▶ Exercise
Within the entries below, output exactly the lines between the line containing "正規取扱店】LEMAIRE MEDIUM CROISSANT" and the line containing "UNIQLO | ウールブレンドワイドフィットパンツ(スラックス)", inclusive, and omit any picture.

▶ Data

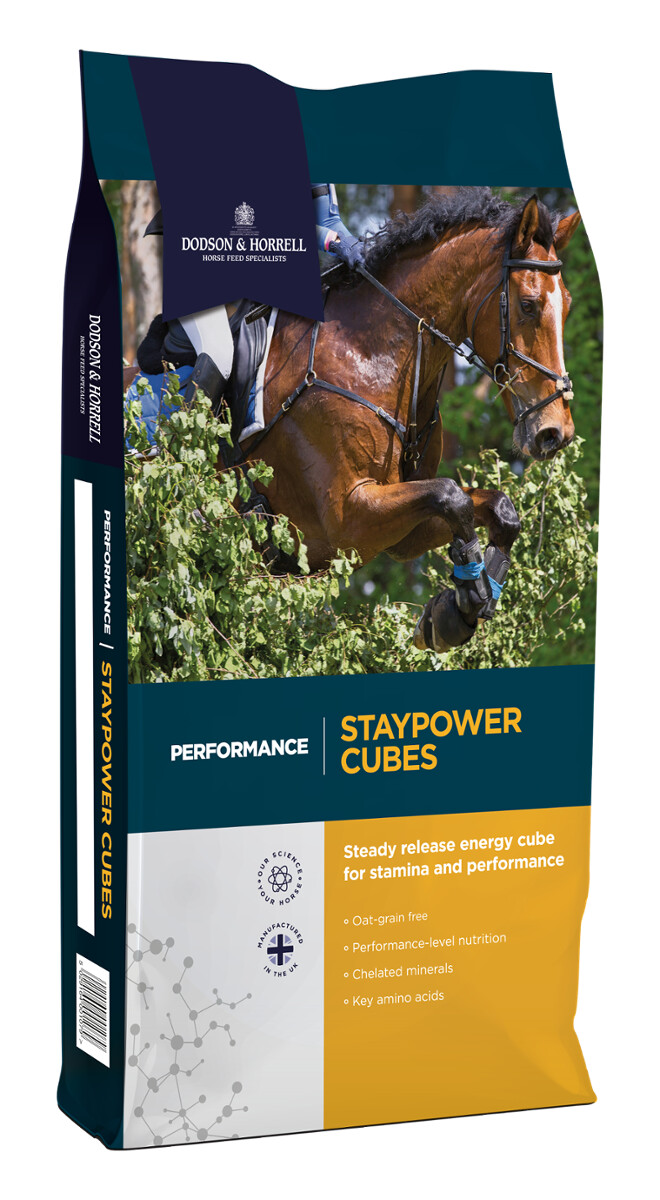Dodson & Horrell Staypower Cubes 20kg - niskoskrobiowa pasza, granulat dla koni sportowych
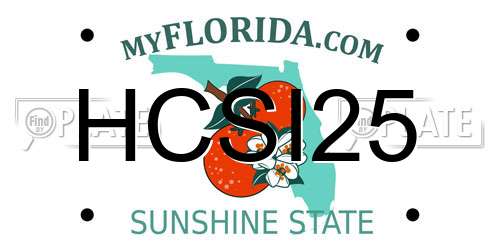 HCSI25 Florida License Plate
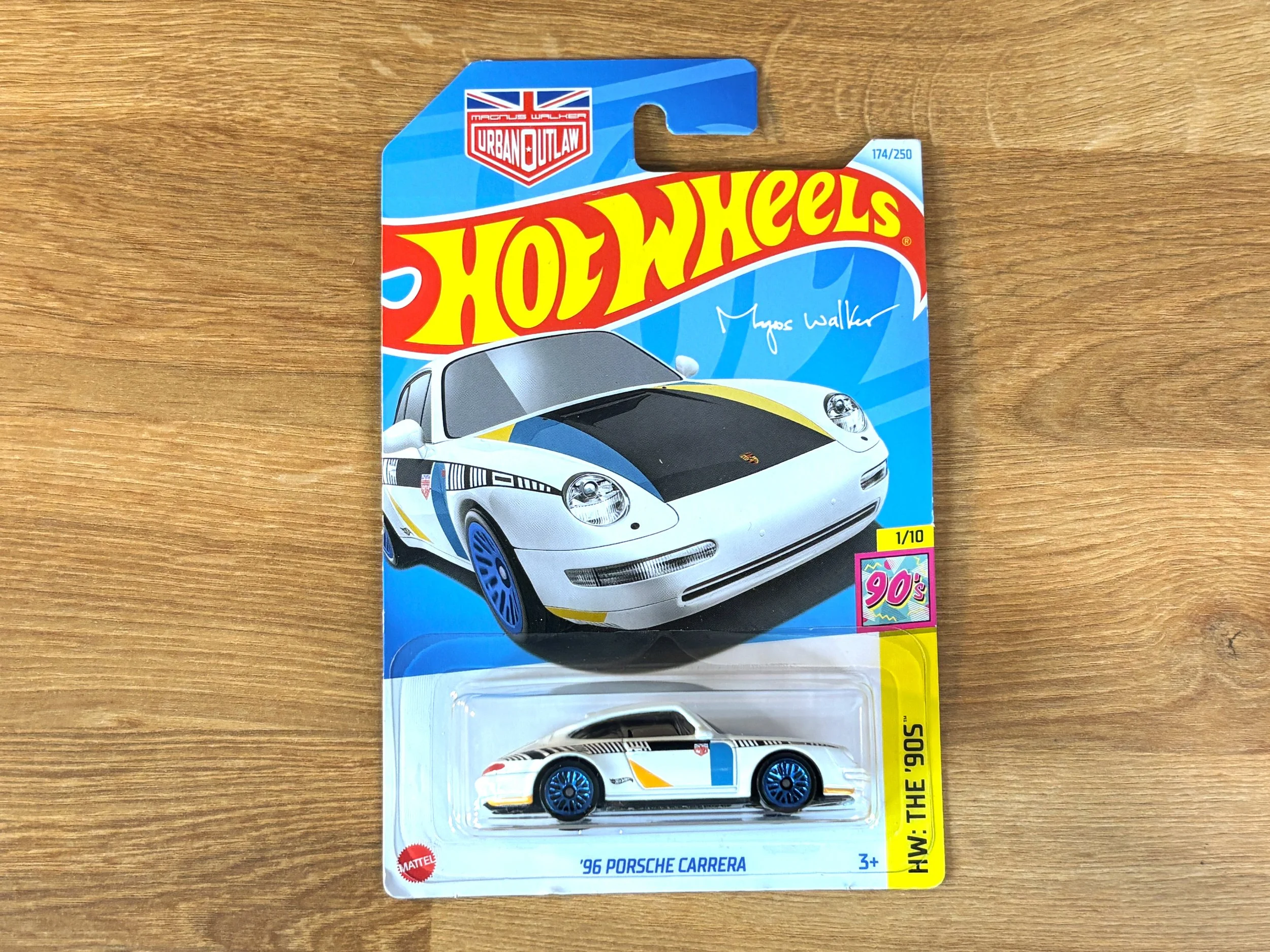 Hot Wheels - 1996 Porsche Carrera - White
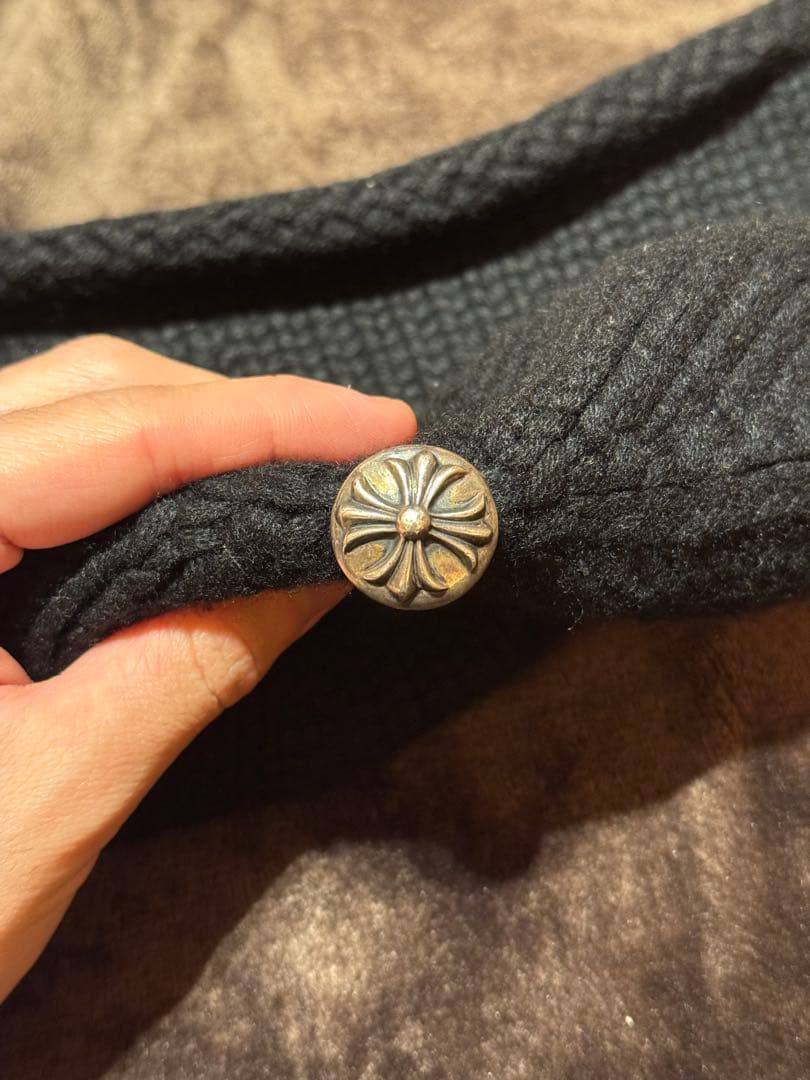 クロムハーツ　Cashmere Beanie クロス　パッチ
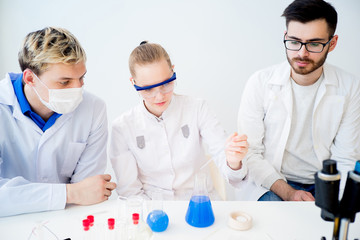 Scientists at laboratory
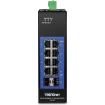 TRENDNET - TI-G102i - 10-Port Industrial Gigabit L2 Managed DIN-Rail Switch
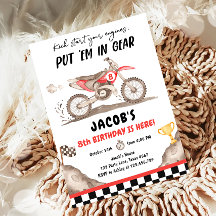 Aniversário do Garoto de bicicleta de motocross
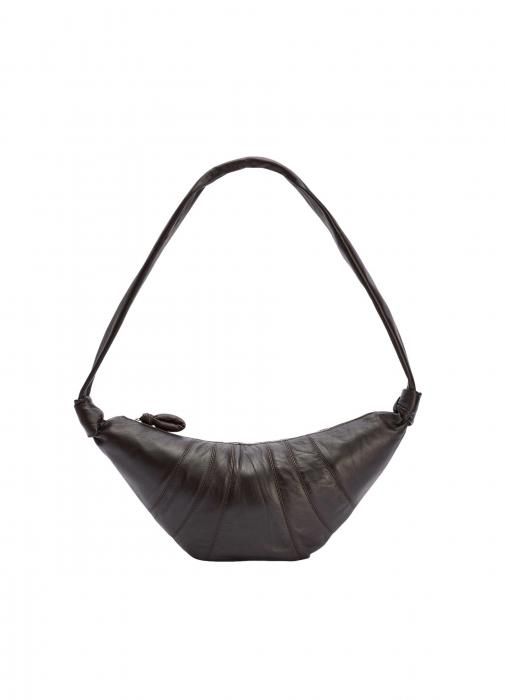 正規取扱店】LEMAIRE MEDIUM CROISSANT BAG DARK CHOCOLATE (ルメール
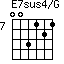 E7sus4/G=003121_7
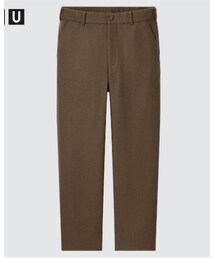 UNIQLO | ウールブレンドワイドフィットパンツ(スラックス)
==
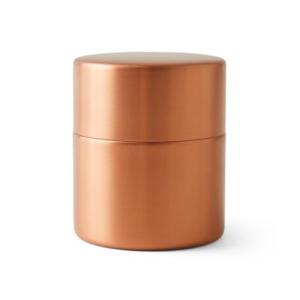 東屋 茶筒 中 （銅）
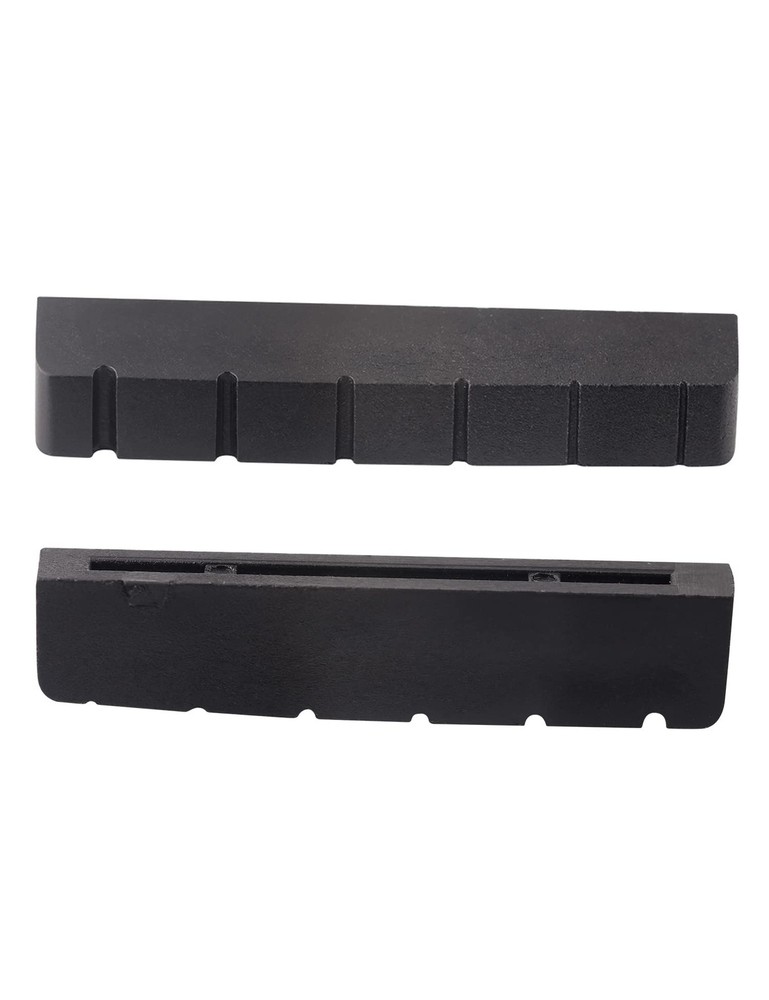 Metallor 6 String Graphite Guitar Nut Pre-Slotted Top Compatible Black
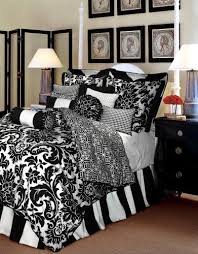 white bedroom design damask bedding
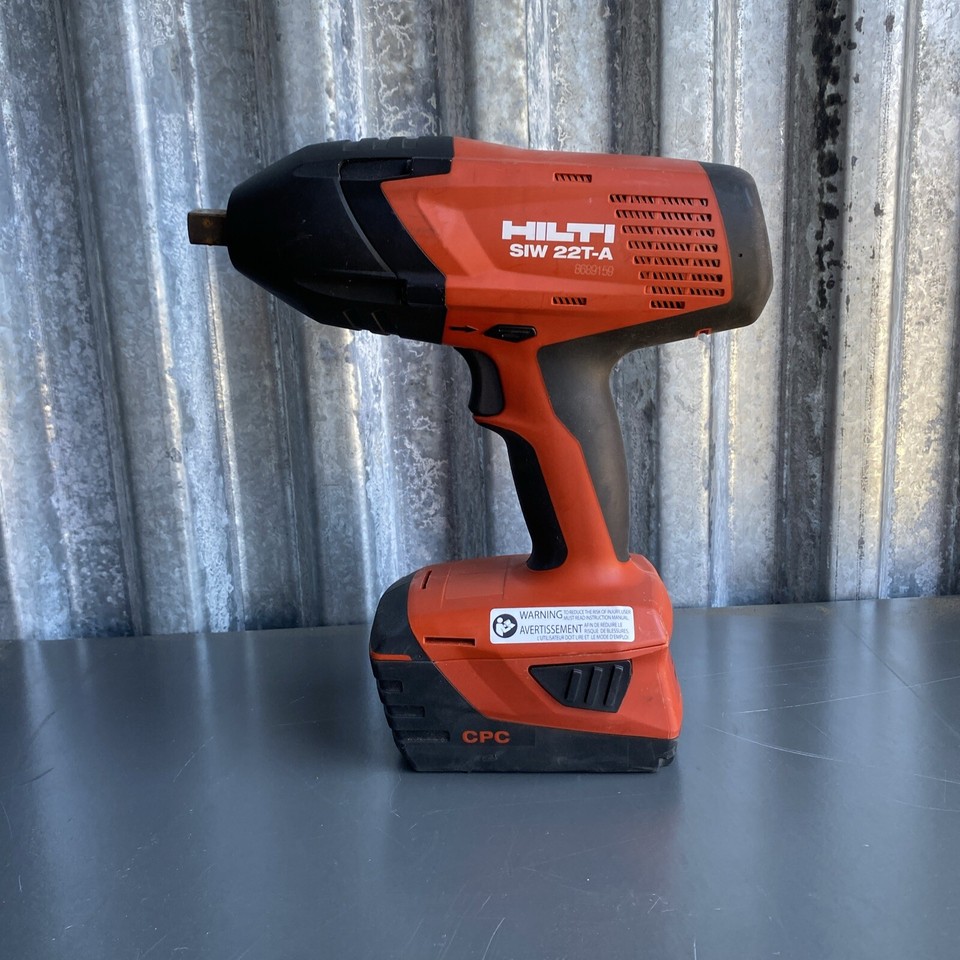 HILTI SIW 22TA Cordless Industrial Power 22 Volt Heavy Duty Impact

▶ Exercise response
 正規取扱店】LEMAIRE MEDIUM CROISSANT BAG DARK CHOCOLATE (ルメール
 E7sus4/G=003121_7
 UNIQLO | ウールブレンドワイドフィットパンツ(スラックス)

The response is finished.